Conventional wisdom had it that the Chargers had simply hit a wall trying to deal with the city and, specifically, City Attorney Mike Aguirre.

Let’s be clear. That’s not totally incorrect. I couldn’t fathom a circumstance in which the Chargers negotiated and then managed to build a new stadium working all the while with Aguirre and the current state of affairs at the city.

Unimaginable.

But, that’s not exactly why the Chargers walked away from the Mission Valley proposal they had been trumpeting for several years.

As I wrote back then Chargers’ Special Counsel Mark Fabiani made an important point when he explained why the Chargers were unable to ink a deal with a development partner. Remember, the Chargers’ proposal was relatively simple: They wanted control of city land that they could turn into 6,000 condominiums. The profits from that development would pay for a stadium.

Here’s what I wrote:

Fabiani said the Chargers courted three types of potential development partners. The first group was interested, but then, they weren’t. The second group, simply didn’t have the means to put up that much cash now.

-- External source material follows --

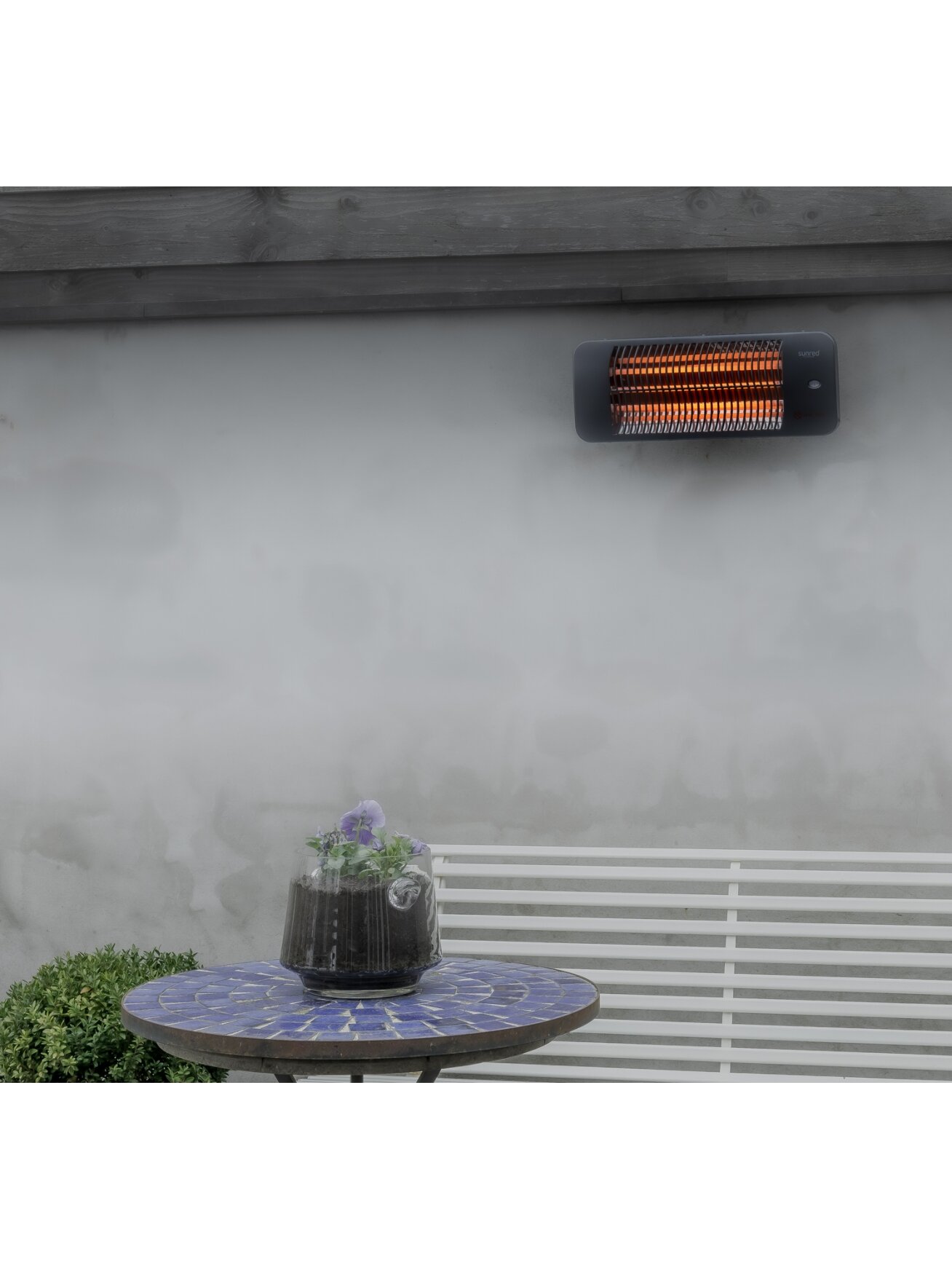 SUNRED | Heater | LUG-2000W, Lugo Quartz Wall | Infrared | 2000 W | Grey | IP24 5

And the third group … well, I’ll let him tell it.

“There was a third group that said, ‘This project is interesting but you’re assuming that the housing market is going to remain really strong and we don’t necessarily share your view of the housing market in San Diego,” Fabiani said.

In other words, “we don’t think we would be able to sell 6,000 condominiums for how much you think we’d be able to sell them.”

So let’s think back. Say the Chargers had found a development partner who was willing to weather the storm at City Hall and had the cash to put up. Let’s say the team had found a company that didn’t recognize the trouble brewing in the real estate industry and, specifically, the San Diego condo market.

They would have gone forward with a ballot initiative for November 2006, right? Then, assuming voters approved it, they would right now be finishing up plans for construction of 6,000 new condos — in Mission Valley of all places.

Nausea, er, Mission Valley

There are more homes on the market then there ever have been in San Diego. Foreclosures are exploding in number. Chula Vista officials, once drunk on the housing boom, are freaking out.

Downtown developers are trying to figure out how they’re going to sell about 1,700 new condos that either have been built there or are just about done — all this at the same time condo owners downtown are trying to sell more than 500 of their own units.

As Kelly Bennett recently reported, condo developers downtown are deciding against finishing their projects or choosing to turn them into hotels instead.

It’s in this climate that the Chargers were set to add 6,000 new condos in Nausea Valley.

It just wouldn’t have worked. Had they gone forward with the plan and built them in this slumping market, they’d have broken the already bent back of whichever homebuilder they worked with: Hovnanian, Lennar, etc.

Most likely, though, they would have seen what’s happening now and pulled out.

Like I said, the city of San Diego’s dysfunction may very well have killed the proposal. But it probably never would have gotten the chance.